### ASSIGNMENT
Scan the records below for the line with "Thanks for watching" and the line with "Chemistry 111, Practice", and retype that range exactly, both ends included, pictures excepted.

### TASK INPUTS
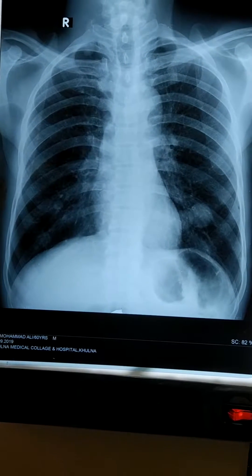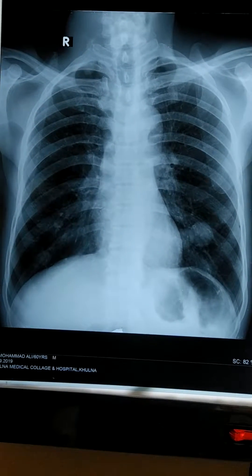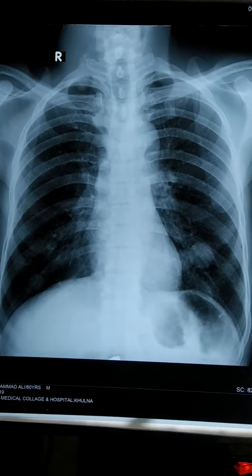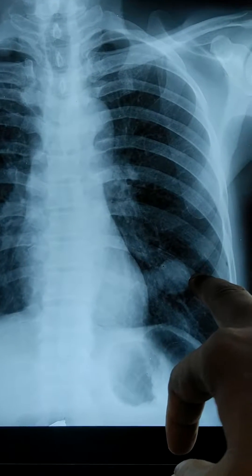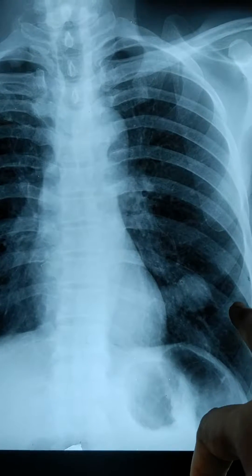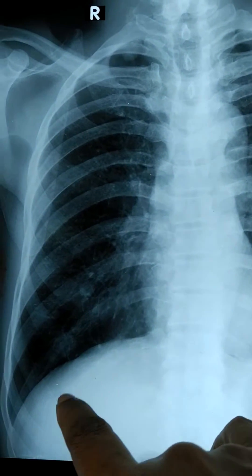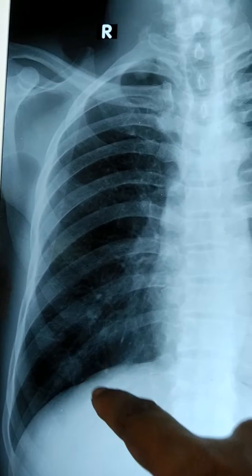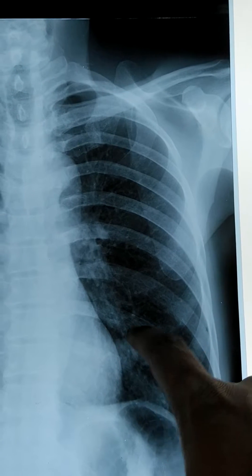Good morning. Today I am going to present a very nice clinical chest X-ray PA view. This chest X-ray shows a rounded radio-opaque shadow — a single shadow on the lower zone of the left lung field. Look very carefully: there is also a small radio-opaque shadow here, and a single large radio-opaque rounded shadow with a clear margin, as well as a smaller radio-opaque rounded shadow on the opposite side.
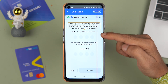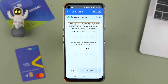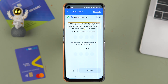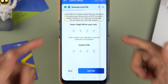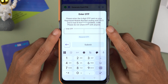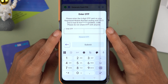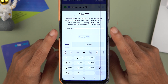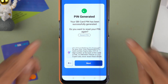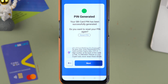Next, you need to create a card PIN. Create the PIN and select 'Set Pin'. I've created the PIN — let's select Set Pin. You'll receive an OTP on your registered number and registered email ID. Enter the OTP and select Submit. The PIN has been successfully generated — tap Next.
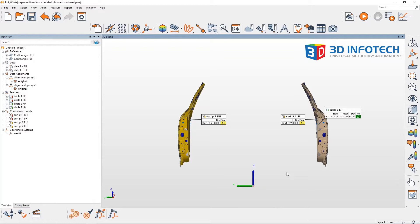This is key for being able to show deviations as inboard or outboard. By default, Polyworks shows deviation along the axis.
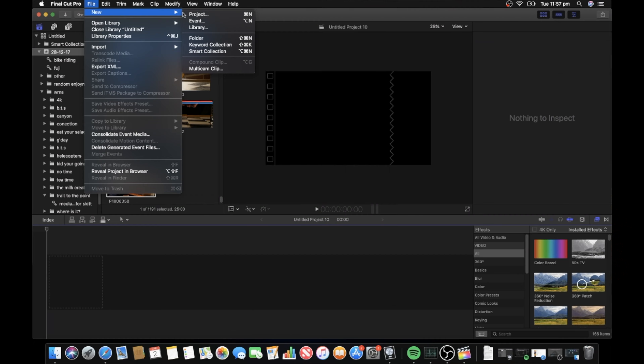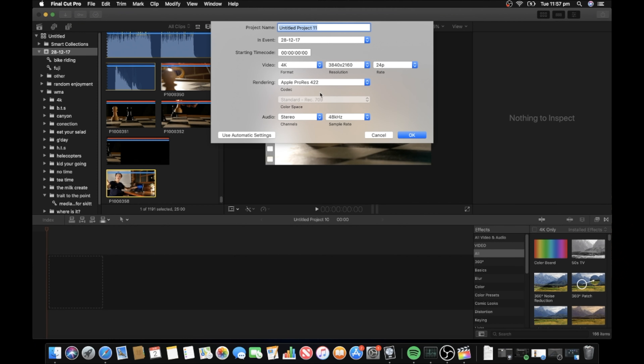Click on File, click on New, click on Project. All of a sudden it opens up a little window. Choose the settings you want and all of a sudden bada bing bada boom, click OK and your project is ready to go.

...

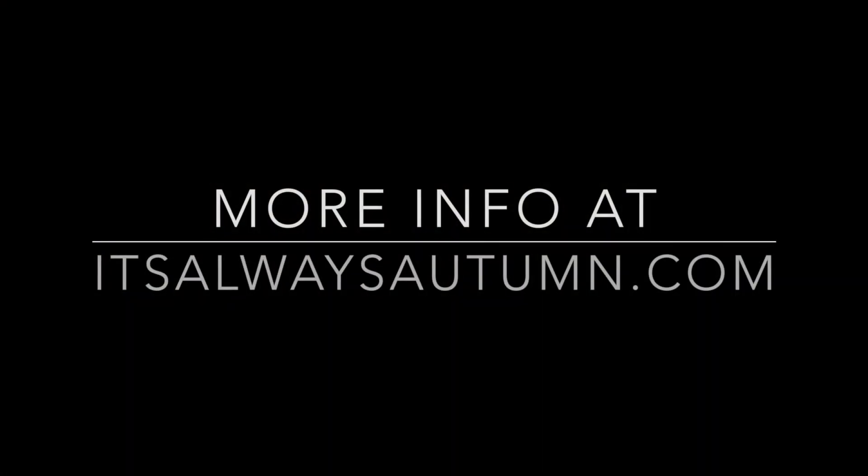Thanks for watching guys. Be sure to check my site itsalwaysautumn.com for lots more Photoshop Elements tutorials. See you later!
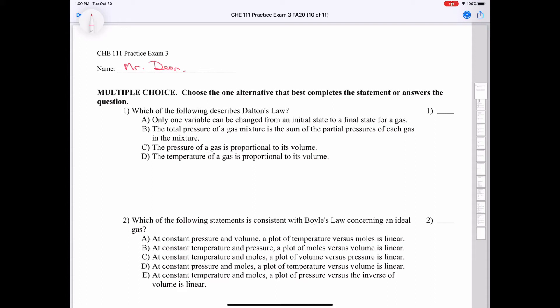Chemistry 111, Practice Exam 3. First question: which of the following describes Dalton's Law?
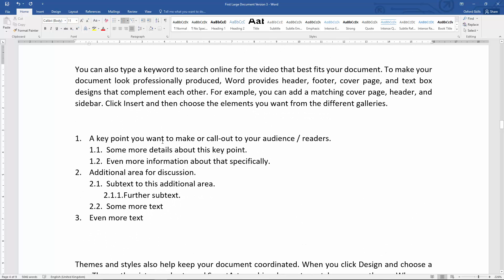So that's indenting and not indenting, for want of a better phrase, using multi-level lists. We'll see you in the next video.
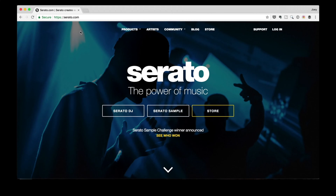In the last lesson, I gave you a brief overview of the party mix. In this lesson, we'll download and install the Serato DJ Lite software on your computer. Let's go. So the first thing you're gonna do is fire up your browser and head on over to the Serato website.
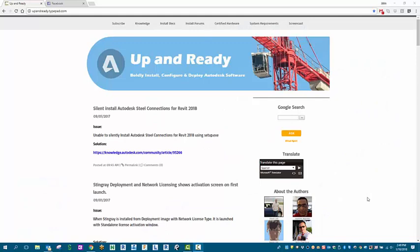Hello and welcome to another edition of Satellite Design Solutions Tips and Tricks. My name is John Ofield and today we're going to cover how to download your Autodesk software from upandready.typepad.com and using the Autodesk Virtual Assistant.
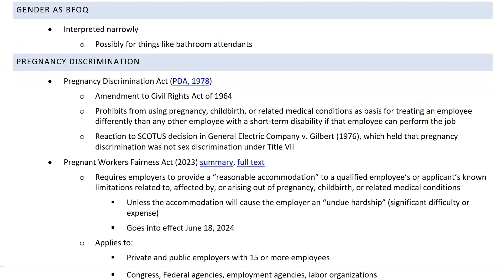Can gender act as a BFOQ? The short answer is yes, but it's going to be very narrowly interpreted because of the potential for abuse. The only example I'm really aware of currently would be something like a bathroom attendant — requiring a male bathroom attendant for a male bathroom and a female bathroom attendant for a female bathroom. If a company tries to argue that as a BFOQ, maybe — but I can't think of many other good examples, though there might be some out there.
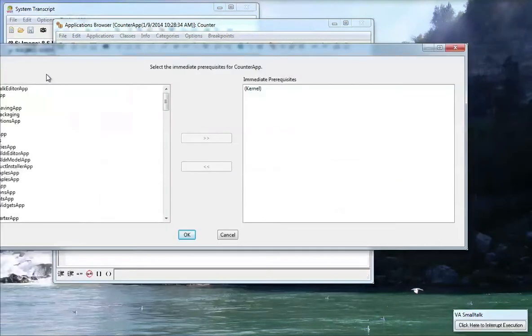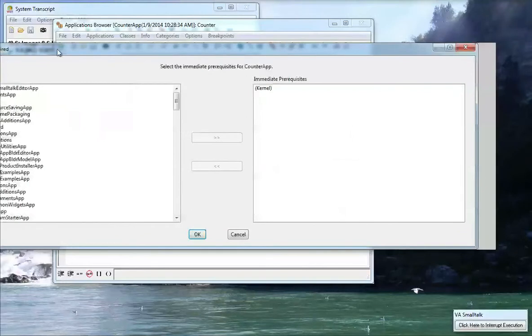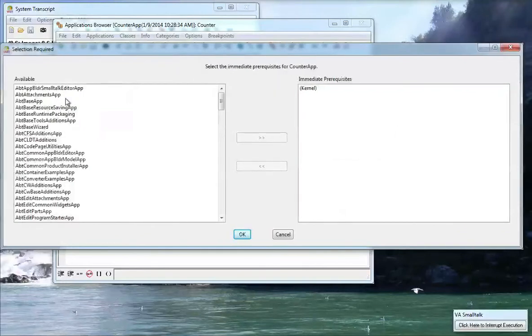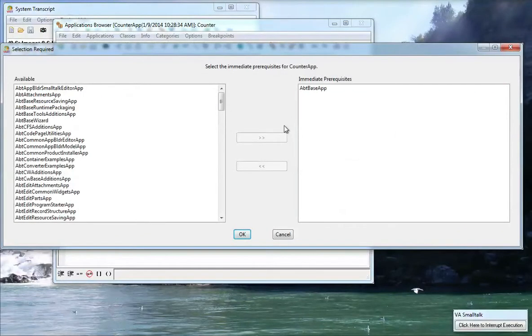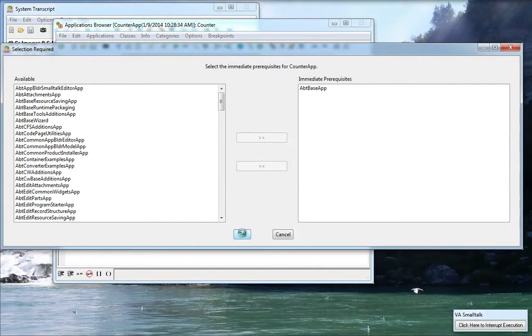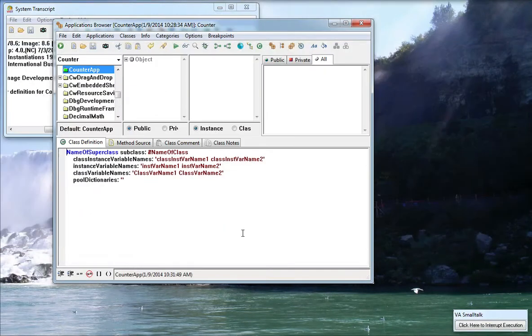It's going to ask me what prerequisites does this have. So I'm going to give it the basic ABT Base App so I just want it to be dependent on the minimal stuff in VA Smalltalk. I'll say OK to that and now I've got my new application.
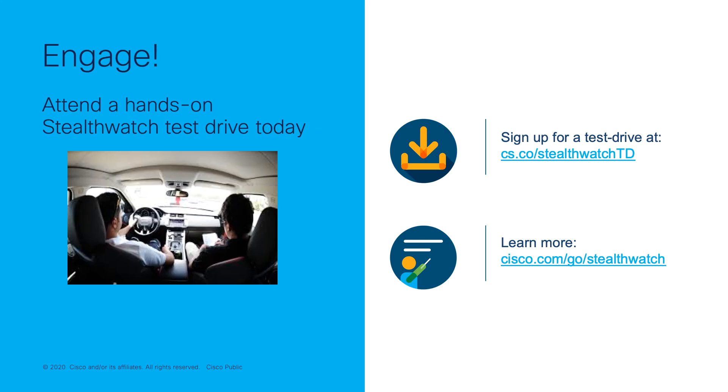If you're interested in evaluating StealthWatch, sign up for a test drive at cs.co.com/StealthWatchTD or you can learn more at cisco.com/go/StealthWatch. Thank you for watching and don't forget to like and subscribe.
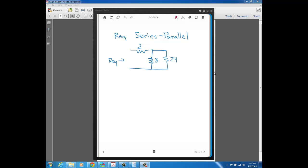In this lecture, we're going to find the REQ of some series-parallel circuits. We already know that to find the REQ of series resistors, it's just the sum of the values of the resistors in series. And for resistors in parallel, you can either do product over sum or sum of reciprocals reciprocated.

### ANSWER TO THIS EXERCISE
Thanks for watching guys. Be sure to check my site itsalwaysautumn.com for lots more Photoshop Elements tutorials. See you later!
Chemistry 111, Practice Exam 3. First question: which of the following describes Dalton's Law?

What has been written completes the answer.